Этот рейс, как и предшествовавшие, совершался на многомиллионную государственную дотацию, которую получает «Компани женераль». За все расплачивались французские налогоплательщики.
Между нашим, «туристским», и первым классом, где в роскошных апартаментах поместились американские и европейские богачи, была непроходимая стена. Такая же стена отгораживала третий класс. Ничто не должно было тревожить покой плутократов.
Если бы людям было дано проникать взором в недалекое будущее, мы увидели бы «Нормандию», застрявшую в дни второй мировой войны в нью-йоркском порту. Фашистские диверсанты подожгли океанский гигант. С «Нормандии» была снята баснословно дорогая обстановка и отделка, и пароход превратили в военный транспорт. А после войны «Нормандию» распилили на части — в металлический лом…
VII
Истекали пятые сутки трансатлантического рейса. Ранним утром я поднялся на верхнюю палубу. Она была влажной, как после обильного дождя. Ветер гнал полосы густого тумана. Справа временами проглядывал берег. Замедлив бег, «Нормандия» входила в гавань. В сероватой пелене тумана промелькнула каменная фигура женщины, вся в зеленых пятнах.

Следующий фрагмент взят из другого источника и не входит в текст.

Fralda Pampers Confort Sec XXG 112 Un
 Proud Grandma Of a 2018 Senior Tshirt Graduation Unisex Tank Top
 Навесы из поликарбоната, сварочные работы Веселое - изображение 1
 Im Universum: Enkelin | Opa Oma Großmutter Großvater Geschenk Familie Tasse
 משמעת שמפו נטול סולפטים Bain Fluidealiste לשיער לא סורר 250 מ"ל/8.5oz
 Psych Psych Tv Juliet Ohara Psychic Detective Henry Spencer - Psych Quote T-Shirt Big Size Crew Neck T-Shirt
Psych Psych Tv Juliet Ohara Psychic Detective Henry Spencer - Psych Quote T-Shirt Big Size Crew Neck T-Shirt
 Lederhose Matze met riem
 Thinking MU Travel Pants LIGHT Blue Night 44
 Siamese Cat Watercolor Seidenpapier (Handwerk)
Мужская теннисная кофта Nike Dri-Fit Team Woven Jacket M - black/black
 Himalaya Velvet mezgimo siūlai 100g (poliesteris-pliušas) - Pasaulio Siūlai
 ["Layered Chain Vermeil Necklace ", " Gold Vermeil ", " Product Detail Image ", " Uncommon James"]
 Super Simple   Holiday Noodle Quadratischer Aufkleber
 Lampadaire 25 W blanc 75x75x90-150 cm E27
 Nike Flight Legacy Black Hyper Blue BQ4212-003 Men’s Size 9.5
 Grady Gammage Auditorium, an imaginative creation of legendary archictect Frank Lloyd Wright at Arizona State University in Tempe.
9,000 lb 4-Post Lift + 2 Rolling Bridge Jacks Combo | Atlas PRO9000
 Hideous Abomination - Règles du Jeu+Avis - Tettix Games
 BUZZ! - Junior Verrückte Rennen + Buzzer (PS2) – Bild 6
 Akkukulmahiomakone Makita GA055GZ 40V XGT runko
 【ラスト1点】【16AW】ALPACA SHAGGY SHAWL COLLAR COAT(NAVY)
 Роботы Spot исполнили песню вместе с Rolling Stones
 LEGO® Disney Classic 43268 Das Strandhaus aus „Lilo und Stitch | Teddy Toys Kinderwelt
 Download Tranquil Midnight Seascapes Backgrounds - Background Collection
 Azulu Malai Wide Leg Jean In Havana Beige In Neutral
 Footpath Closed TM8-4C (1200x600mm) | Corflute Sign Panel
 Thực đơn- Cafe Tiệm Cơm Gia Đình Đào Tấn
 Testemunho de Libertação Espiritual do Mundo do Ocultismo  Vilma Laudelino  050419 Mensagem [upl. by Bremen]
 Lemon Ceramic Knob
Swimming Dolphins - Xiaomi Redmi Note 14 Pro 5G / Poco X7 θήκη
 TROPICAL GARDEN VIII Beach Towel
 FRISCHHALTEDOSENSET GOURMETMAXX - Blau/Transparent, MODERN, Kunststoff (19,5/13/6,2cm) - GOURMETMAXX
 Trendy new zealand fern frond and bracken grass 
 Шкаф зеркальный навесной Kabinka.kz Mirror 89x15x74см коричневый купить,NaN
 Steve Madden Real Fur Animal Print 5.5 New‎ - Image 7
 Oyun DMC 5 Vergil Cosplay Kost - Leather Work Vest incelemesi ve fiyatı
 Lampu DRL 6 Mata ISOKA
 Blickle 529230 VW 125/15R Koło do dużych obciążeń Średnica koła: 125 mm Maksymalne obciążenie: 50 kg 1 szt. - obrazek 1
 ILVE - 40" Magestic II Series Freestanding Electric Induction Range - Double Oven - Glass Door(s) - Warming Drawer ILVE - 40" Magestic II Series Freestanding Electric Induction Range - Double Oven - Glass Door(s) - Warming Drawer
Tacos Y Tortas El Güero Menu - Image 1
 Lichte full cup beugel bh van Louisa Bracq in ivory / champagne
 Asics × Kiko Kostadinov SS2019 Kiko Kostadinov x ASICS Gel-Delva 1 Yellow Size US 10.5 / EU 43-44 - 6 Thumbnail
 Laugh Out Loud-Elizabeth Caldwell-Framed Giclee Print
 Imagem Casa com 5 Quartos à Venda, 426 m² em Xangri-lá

Из сизой мглы показался Манхэттэн, центральная часть Нью-Йорка. Каменные нагромождения зданий уткнулись вершинами в облака. Казалось, там все недвижно и мертво. Туман навис над городом, как тяжкое дыхание заключенных в нем миллионов людей.
Я прибыл в Соединенные Штаты Америки.
По каменным ущельям таксомотор пробирался от берега Гудзона на Шестьдесят первую улицу, к особняку Генерального консульства СССР.
Шел теплый дождь. Пешеходы прятались под навесами витрин и в подъездах. На перекрестках полицейские в черных резиновых плащах, властно взмахивая рукой, пропускали потоки автомашин. Лязг и грохот надземной железной дороги, резкие сирены полицейских машин, рев автомобильного стада, короткие свистки на перекрестках, выкрики газетчиков и оглушительные голоса радиорепродукторов сливались в неистовый раздражающий шум.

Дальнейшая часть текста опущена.